§ What you have to do:
Please restate every record below word for word and skip the pictures.

Dataset excerpts
--- START ---

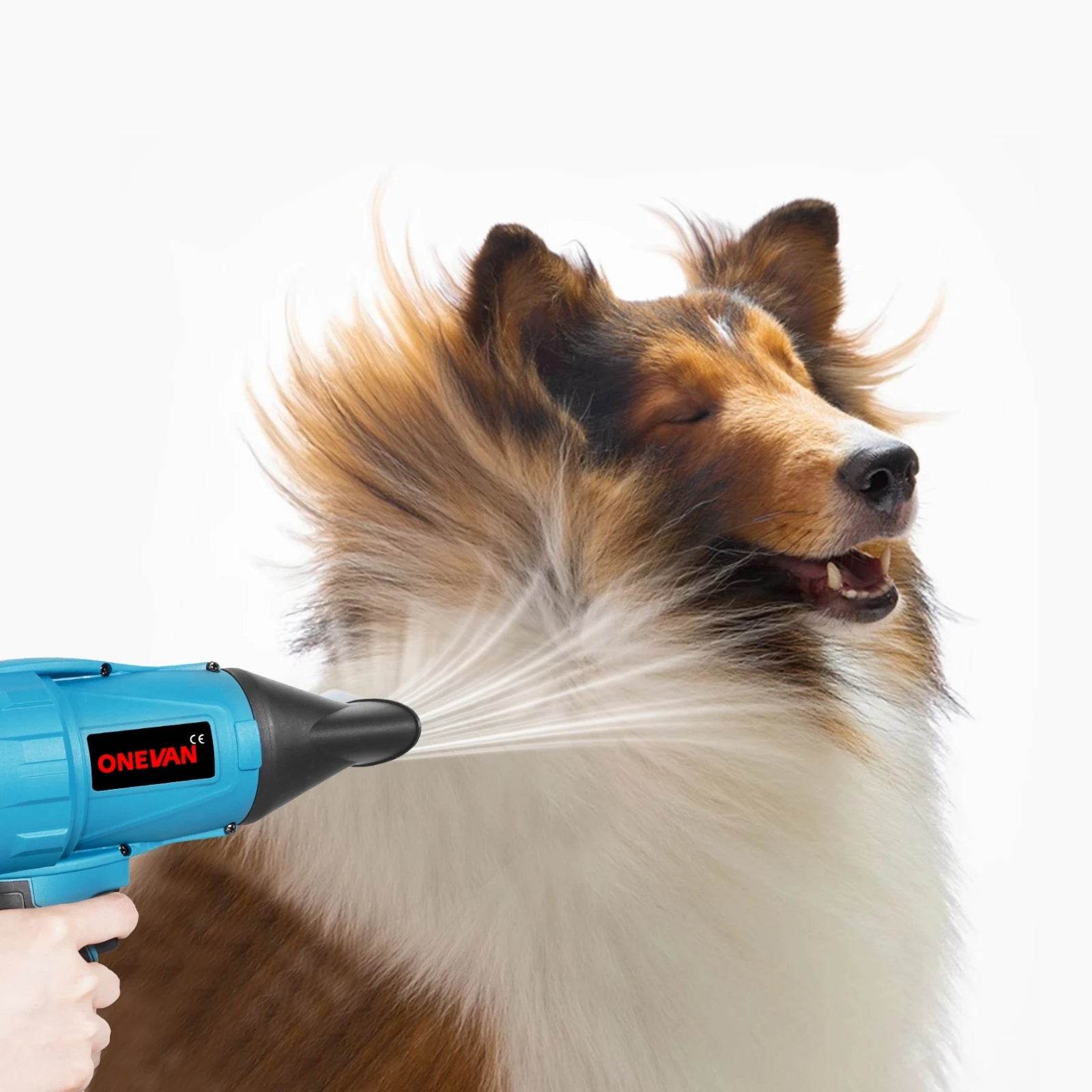 3500W Turbo Brushless Blower - SnaggIt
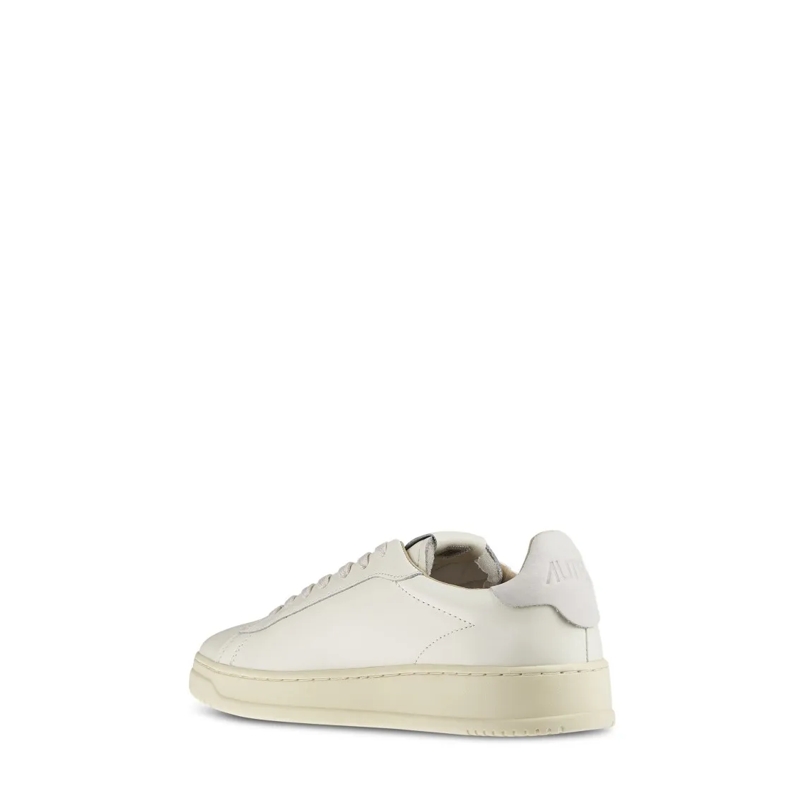 Autry International Schnürschuhe Sneaker Dallas Low Creme(Image 6)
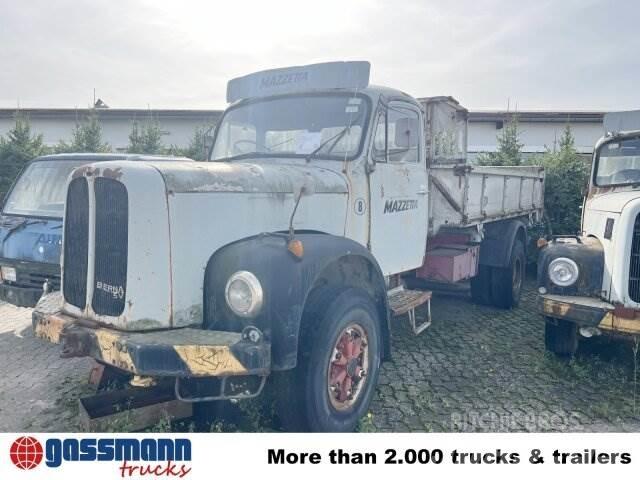 Saurer V5 4x2 Sklápače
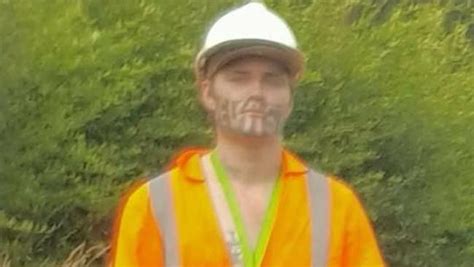 mark cropp nz teen with face tattoo pictured on job nt news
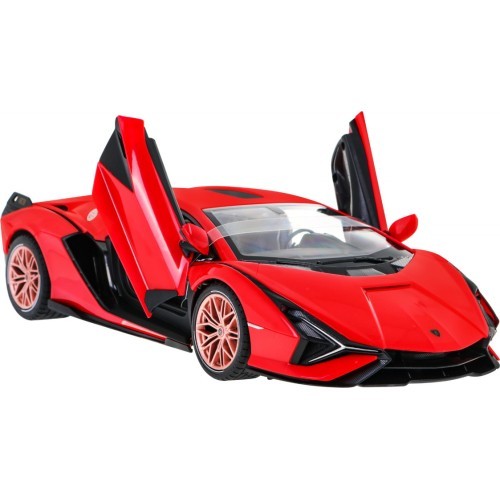 Tālvadības automašīna Lamborghini Sian RASTAR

--- END ---

§ Answer below:
 3500W Turbo Brushless Blower - SnaggIt
 Autry International Schnürschuhe Sneaker Dallas Low Creme(Image 6)
 Saurer V5 4x2 Sklápače
 mark cropp nz teen with face tattoo pictured on job nt news
 Tālvadības automašīna Lamborghini Sian RASTAR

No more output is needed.